AIM OF THE TASK
Exactly the lines from the one containing "Forever 21 Women's" through the one containing "Bigzzia Gaming Stuhl" in the listing below are to be copied, with the pictures left out.

DATASET ENTRIES
* * *

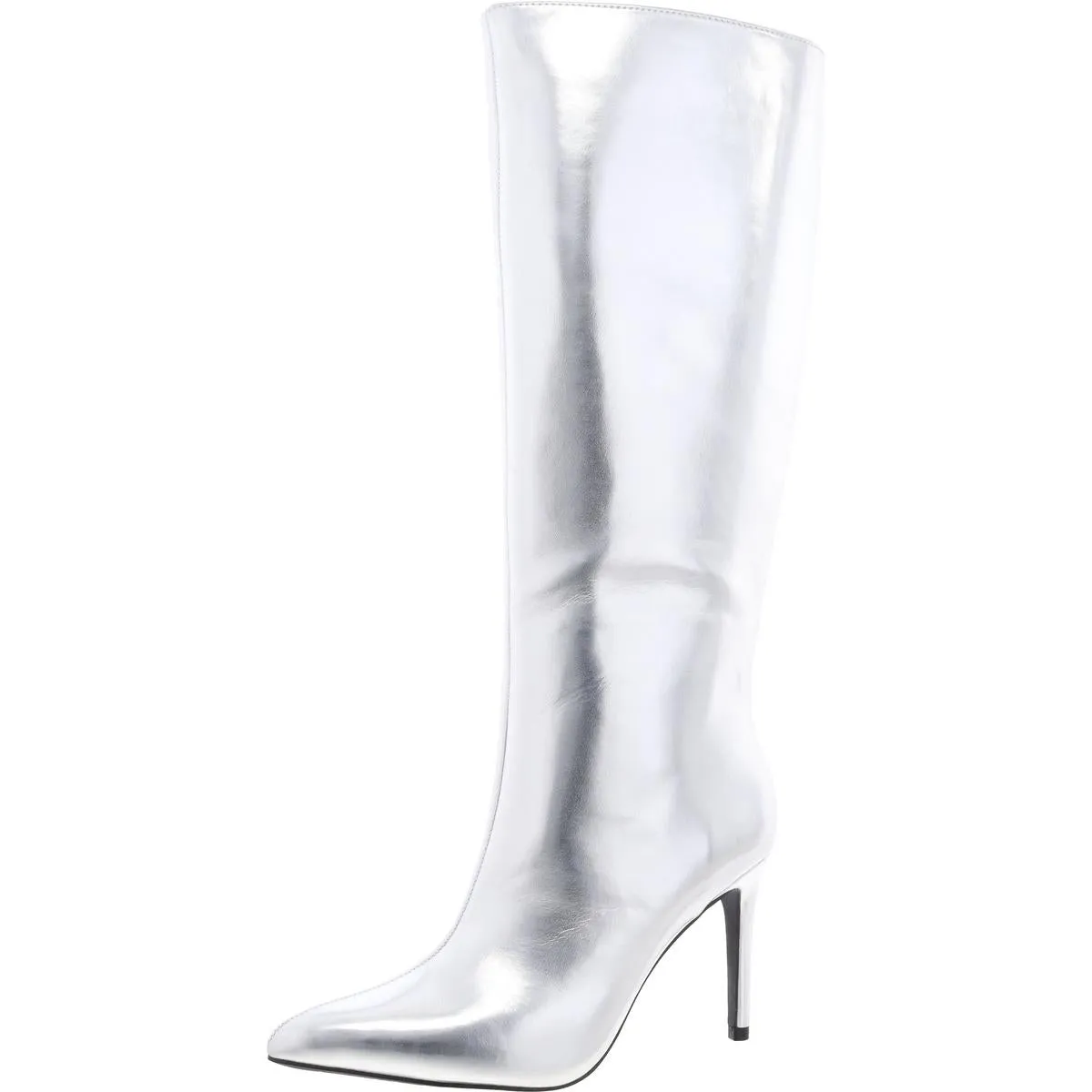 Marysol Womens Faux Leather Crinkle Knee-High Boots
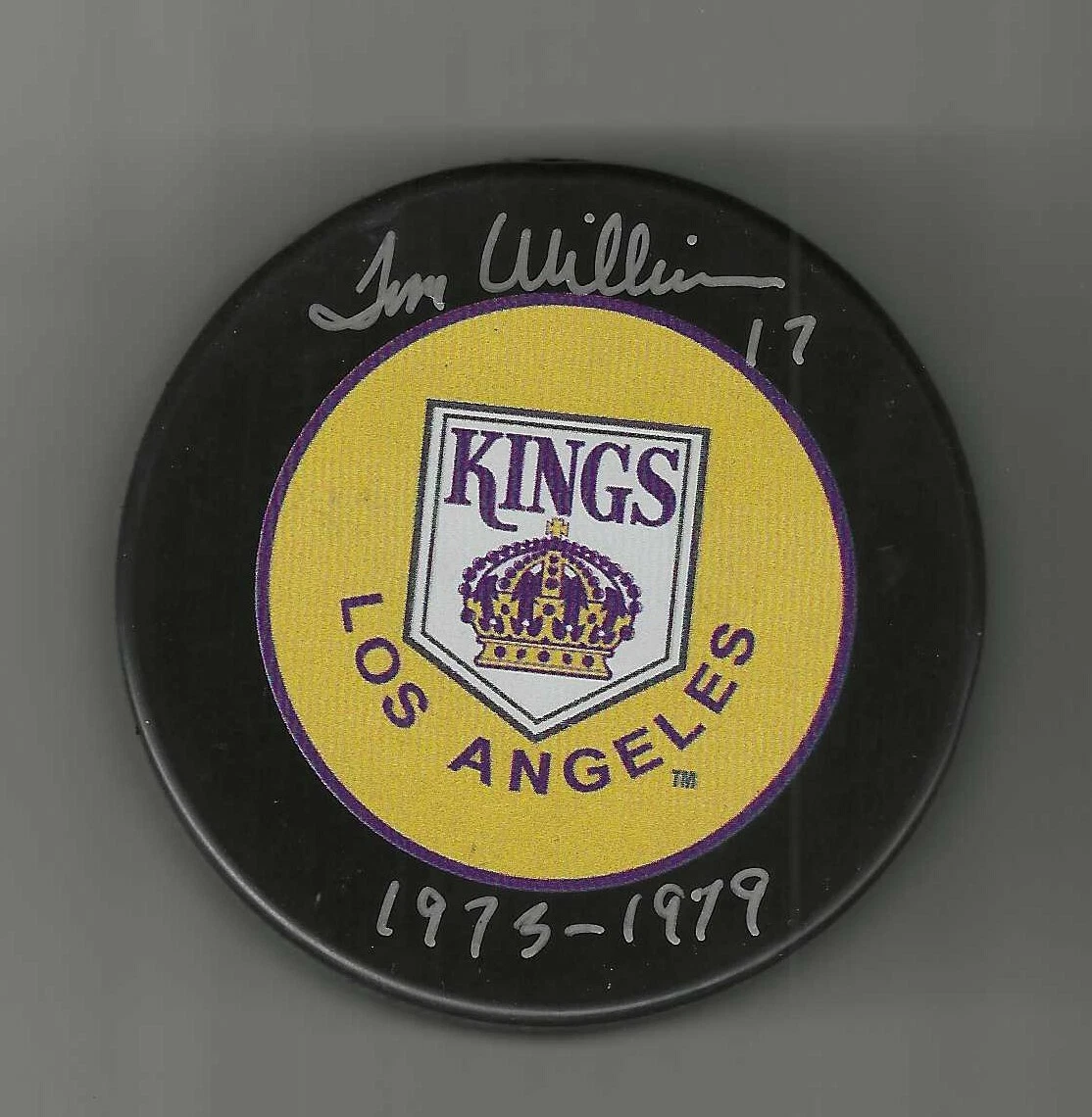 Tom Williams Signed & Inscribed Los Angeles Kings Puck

* * *

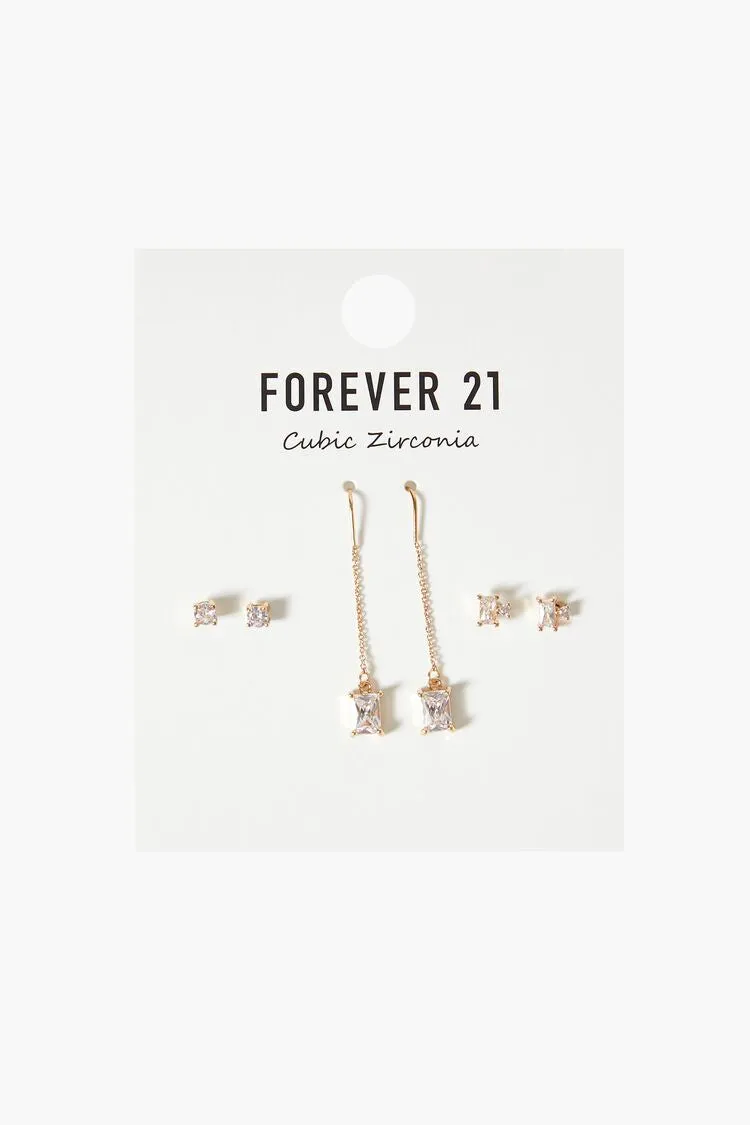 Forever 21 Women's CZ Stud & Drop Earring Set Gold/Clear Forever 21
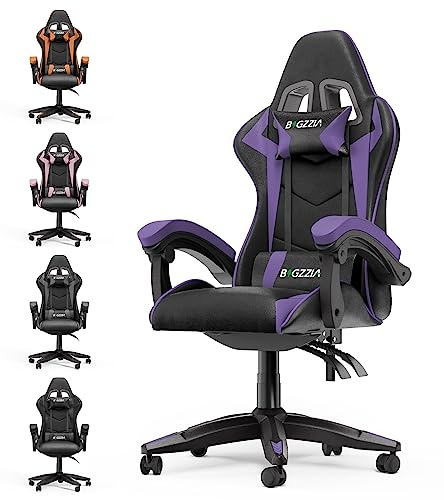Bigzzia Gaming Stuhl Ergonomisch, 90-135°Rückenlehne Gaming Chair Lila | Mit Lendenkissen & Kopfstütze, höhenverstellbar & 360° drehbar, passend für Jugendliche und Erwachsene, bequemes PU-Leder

* * *

PROBLEM SOLUTION
 Forever 21 Women's CZ Stud & Drop Earring Set Gold/Clear Forever 21
Bigzzia Gaming Stuhl Ergonomisch, 90-135°Rückenlehne Gaming Chair Lila | Mit Lendenkissen & Kopfstütze, höhenverstellbar & 360° drehbar, passend für Jugendliche und Erwachsene, bequemes PU-Leder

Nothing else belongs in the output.